Her tip: Buy a large can of tomato juice (just juice, it doesn't have to be all fancy like V-8). Wait until your avocado is ripe, then peel the skin off the outside, leaving the avocado whole, pit and all. Put it in a jar or a plastic container with a tight lid, cover it with tomato juice and refrigerate for up to three weeks.

You know I had to try that, right? I did it several days ago with both a whole, peeled one and the half remaining (pit still attached) after I used a quarter as a soup garnish. A couple of days later, I pulled them out. As Norris promised, they were a tiny bit mushy on the outside, but it was easy to wipe off the tomato juice with a paper towel. And the avocado was still creamy green with no browning.

Norris told me she got the tip years ago from a reader and has used it ever since. Originally, people used to cut the lid off the tomato juice can and drop them in, but she doesn’t advise that: “We don’t want to do that because of the taste of the can. It’s basically just the acid in the tomato juice that does it. You could do in a jar of lemon juice, but who has that much lemon juice?”
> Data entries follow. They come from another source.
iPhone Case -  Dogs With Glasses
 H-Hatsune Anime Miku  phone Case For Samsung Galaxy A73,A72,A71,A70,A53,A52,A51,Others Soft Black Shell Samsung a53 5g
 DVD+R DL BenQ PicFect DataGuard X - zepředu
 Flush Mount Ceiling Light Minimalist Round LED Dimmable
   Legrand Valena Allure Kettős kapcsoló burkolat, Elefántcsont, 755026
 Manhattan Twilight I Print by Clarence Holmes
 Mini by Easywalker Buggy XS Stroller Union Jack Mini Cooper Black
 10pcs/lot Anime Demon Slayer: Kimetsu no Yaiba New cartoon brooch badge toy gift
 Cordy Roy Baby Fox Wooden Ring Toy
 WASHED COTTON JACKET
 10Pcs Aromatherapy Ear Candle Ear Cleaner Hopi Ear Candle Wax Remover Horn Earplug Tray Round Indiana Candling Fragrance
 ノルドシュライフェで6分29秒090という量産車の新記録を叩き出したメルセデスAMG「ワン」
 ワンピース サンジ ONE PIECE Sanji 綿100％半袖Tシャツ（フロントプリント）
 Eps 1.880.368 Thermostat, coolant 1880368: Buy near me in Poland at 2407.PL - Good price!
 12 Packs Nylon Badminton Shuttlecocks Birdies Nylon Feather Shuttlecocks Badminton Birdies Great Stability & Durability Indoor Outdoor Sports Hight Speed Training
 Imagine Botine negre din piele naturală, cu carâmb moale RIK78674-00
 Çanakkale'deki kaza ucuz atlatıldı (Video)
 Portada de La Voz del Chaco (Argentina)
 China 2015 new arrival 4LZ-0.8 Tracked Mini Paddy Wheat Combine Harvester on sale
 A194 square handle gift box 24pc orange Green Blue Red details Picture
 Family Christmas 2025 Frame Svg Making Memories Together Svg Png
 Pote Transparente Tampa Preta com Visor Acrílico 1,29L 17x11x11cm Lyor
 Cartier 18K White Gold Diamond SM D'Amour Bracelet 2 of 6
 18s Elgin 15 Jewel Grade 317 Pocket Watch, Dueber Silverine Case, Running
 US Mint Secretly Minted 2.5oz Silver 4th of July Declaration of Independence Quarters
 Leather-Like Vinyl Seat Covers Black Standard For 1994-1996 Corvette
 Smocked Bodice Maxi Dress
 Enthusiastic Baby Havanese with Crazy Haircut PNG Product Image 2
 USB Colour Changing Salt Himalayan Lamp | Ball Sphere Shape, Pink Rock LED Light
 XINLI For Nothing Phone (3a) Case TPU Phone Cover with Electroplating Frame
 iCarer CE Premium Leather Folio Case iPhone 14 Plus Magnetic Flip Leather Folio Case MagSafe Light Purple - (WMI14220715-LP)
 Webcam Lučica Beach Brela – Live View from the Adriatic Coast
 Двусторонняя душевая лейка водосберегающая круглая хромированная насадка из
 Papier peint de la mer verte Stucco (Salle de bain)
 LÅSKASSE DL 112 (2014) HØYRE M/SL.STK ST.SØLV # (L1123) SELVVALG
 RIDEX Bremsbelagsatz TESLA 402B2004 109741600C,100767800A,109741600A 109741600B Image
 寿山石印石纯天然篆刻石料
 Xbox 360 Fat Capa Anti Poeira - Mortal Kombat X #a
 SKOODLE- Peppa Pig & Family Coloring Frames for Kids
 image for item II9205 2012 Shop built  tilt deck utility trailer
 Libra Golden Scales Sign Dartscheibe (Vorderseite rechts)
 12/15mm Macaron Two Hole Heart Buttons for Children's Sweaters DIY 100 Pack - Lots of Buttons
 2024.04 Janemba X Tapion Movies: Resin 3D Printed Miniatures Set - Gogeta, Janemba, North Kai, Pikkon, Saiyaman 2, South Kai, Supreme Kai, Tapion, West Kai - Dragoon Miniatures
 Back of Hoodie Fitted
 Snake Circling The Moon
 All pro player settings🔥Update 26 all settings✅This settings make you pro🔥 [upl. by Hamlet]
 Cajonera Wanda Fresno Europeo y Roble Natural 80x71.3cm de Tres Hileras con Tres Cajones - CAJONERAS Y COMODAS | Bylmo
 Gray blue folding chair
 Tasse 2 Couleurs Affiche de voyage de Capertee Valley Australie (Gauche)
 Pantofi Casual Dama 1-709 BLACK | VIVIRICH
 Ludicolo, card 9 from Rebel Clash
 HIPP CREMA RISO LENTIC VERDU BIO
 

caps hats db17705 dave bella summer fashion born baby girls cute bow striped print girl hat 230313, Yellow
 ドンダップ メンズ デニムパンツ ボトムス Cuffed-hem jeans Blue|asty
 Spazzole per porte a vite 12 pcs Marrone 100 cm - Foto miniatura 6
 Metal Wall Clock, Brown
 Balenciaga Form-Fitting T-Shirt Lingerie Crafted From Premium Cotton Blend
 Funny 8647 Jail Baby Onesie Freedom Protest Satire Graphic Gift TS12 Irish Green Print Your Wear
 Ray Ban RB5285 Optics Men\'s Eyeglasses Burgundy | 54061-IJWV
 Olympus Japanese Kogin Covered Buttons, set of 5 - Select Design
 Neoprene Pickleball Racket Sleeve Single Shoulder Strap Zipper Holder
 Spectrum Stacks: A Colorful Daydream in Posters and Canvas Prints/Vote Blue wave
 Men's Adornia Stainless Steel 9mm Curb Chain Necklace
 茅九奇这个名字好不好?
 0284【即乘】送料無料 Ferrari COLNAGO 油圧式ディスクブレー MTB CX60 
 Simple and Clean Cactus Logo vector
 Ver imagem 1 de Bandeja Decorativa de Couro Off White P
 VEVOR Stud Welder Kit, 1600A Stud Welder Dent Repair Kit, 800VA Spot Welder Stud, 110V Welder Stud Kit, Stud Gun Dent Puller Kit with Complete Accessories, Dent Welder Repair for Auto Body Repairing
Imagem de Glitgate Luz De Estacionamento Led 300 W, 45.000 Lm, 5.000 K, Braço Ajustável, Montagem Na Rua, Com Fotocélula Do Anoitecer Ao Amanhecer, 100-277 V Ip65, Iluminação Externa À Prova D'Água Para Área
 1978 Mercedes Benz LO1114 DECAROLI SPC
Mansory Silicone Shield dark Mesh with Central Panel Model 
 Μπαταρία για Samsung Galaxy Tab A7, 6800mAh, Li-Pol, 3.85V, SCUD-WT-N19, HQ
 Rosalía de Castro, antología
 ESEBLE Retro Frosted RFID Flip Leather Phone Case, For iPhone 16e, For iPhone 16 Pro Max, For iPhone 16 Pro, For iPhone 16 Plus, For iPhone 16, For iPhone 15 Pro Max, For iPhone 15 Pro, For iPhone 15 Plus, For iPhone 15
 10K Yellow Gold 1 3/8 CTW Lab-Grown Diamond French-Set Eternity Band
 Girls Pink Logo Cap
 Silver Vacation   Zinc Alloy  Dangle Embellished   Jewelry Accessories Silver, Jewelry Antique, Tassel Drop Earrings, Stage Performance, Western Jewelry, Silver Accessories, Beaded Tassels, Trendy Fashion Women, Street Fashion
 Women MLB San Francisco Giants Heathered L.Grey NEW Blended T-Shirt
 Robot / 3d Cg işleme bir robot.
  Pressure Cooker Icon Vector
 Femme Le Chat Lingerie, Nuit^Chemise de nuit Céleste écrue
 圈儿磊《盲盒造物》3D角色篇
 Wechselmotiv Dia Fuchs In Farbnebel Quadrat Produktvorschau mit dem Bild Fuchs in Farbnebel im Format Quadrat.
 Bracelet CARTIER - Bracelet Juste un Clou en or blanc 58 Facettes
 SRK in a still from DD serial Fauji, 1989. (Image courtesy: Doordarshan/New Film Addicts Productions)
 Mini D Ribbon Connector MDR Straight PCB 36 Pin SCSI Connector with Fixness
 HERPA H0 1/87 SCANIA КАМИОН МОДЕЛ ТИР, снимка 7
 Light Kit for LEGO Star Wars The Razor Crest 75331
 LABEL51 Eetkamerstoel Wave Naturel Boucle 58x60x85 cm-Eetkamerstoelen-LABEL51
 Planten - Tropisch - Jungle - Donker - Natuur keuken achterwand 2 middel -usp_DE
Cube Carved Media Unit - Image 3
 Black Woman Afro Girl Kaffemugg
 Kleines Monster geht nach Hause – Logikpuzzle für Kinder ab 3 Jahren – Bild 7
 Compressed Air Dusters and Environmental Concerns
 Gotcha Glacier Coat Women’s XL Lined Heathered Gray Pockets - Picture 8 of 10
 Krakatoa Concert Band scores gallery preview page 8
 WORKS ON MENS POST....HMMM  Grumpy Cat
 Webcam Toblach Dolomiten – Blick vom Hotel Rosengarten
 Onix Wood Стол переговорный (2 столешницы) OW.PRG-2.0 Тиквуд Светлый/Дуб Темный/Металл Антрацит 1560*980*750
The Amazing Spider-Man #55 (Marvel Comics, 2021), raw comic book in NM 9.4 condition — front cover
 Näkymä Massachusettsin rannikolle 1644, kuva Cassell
Of course, she’s working with really large Florida avocados. Smaller Hass avocadoes might not keep as long, but even a week or two of keeping a ripe avocado around is a score.

The other bonus: You end up with lots of tomato juice you can use for something else, like a soup "or make a Bloody Mary with it," Norris says. "Or a wonderful tomato margarita. Why not? There's so many cool things you can do with tomato juice."